Redox reactions occur every day in the world around us. They may be subtle, such as a common breathalyzer test, or have catastrophic consequences such as the burning down of a building. They may be spontaneous (and happen instantly) or non-spontaneous (and happen over a long period of time). Whatever the form, redox reactions are some of the most important chemical reactions in our known world.

The word redox is a portmanteau of the words reduction and oxidation. These are two half reactions, each involving the gain or loss of electrons from a single entity.

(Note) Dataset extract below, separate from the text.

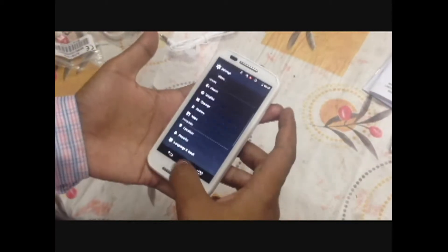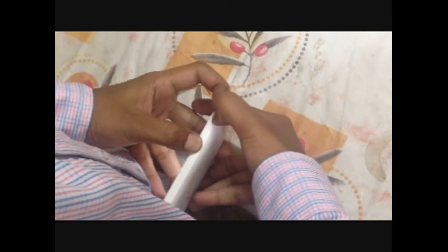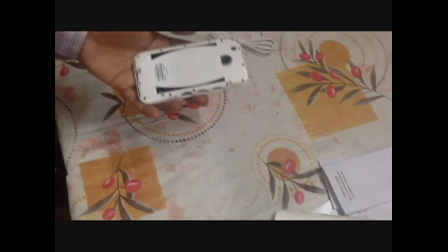Now let's remove the back cover to see the battery status and find the micro SD card slot. It is quite hard to open. It seems I was going in the wrong direction — now it's opening.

Although counter-intuitive, a reduction reaction involves one entity gaining electrons to acquire a more negative charge. For example, 2 moles of Chlorine ions (2Cl-) can be reduced to Chlorine Gas (Cl2) by adding 2 electrons (2e-). The reason for the apparent misnomer of reduction is because in ancient times, chemists noticed a decrease in mass of the substance that was reduced, and thus termed the half-reaction as according to how the mass changed.

Again, while counterintuitive, the half-reaction of oxidation does not, in fact, demand that oxygen be added to a substance. Looking back at historical chemistry, we see that the most common occurrence of this phenomenon was when oxygen (O2) was added to a metal such as Iron (Fe) to create rust, or what we now know to be iron (II) oxide (FeO). Little did the ancient chemists know that the oxygen was actually losing some of its electrons when it formed an ionic bond with the iron. Modern chemists have now defined oxidation as any half reaction that involves the loss of electrons by an entity.

When writing half-reactions, it is common to deal with only a single entity, such as the Chlorine ions or Oxygen gas in the above examples. These can be written out like a normal chemical equation, except with a number of electrons as either a reactant or a product. Note that for an oxidation, the electrons will be a product, and for a reduction the electrons will be a reactant.

We can combine the two half-reactions into one full Redox reaction by ensuring that the same number of electrons are lost and gained in each separate half reactant. Simply multiply both equations by a coefficient in order to ascertain the correct quantities. Then, write all the products on one side of the equation, and all the reactants on the other, with all the electrons canceling out.

Redox reactions affect our everyday lives, and the transfer of electrons can have profound implications towards contemporary society.